A man gestures the victory sign as he holds a Hezbollah flag, on the second day of the ceasefire between Israel and Iran-backed group Hezbollah, in Tyre, southern Lebanon, Nov. 28, 2024. Photo: REUTERS/Aziz Taher

There are moments in media criticism when the usual words — bias, omission, misleading framing — feel inadequate. Because this isn’t just about bias. It’s about a line crossed. It’s about a piece of so-called journalism so grotesque, so inverted in its moral compass, that it demands a different kind of response.

The Associated Press has published a photo essay titled “Portraits of survivors of Israel’s pager attack on Hezbollah last year.” It features carefully staged portraits and sorrowful quotes — not just from Hezbollah operatives themselves, but also from a few of their relatives.

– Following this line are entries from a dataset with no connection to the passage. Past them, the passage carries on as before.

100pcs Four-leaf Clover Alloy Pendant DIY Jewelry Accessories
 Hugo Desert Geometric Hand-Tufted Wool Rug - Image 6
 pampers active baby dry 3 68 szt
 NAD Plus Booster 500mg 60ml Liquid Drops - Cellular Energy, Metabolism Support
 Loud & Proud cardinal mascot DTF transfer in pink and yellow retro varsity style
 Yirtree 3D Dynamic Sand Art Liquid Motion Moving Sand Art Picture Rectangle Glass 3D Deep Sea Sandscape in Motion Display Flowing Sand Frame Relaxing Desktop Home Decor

Let’s not forget this is a US- and EU-designated terror organization, and the men were injured in a precision Israeli strike that neutralized dozens of Hezbollah fighters who were using encrypted pagers to coordinate attacks on Israeli civilians.

But the AP doesn’t frame them as terrorists. It casts them as victims. As tragic figures. As men whose disfigured hands deserve your sympathy.

It is repulsive propaganda. Nothing more, nothing less.

We’re not going to walk you through what’s wrong with this piece. It’s too obvious. The entire thing is a distortion. Every image, every quote, every omission — from the total lack of context about Hezbollah’s crimes, including the fact that these very pagers were used to orchestrate lethal attacks on Israelis, to the aesthetic choices that frame mutilated killers in dramatic, reverent lighting — is an insult.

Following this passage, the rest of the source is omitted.